**Problem:** From the material below, retype exactly the lines that begin at the line with "1 Pc Messy Hair" and end after the line with "24 lbs Weight"; pictures stay out of the copy.

**Source material:**

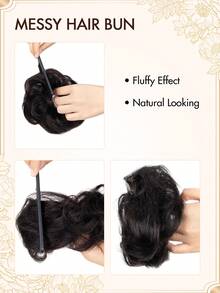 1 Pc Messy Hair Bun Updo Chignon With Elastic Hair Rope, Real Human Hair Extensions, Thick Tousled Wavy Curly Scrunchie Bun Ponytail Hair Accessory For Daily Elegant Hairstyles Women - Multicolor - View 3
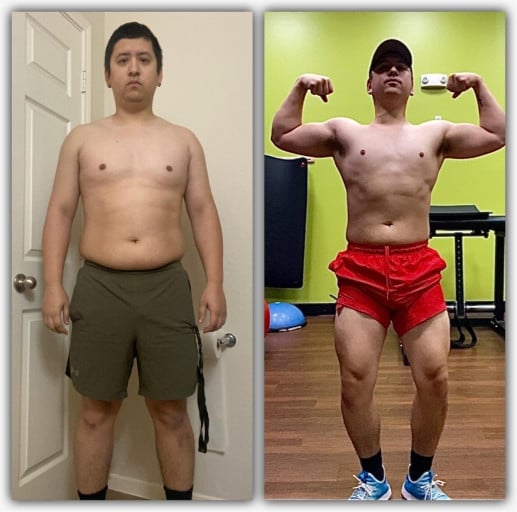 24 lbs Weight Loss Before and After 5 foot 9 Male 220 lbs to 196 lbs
==
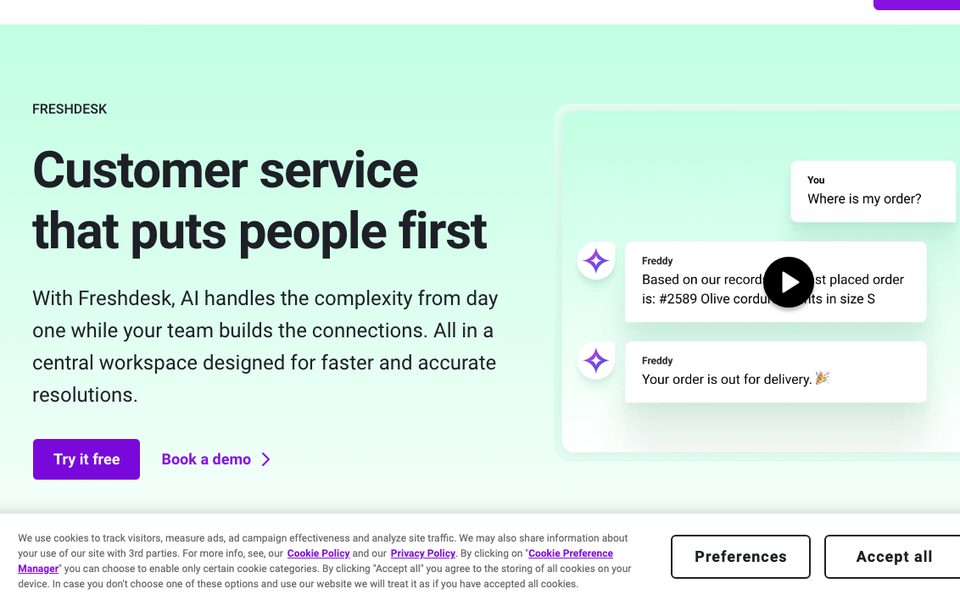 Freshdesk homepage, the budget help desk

**Expected output:**
 1 Pc Messy Hair Bun Updo Chignon With Elastic Hair Rope, Real Human Hair Extensions, Thick Tousled Wavy Curly Scrunchie Bun Ponytail Hair Accessory For Daily Elegant Hairstyles Women - Multicolor - View 3
 24 lbs Weight Loss Before and After 5 foot 9 Male 220 lbs to 196 lbs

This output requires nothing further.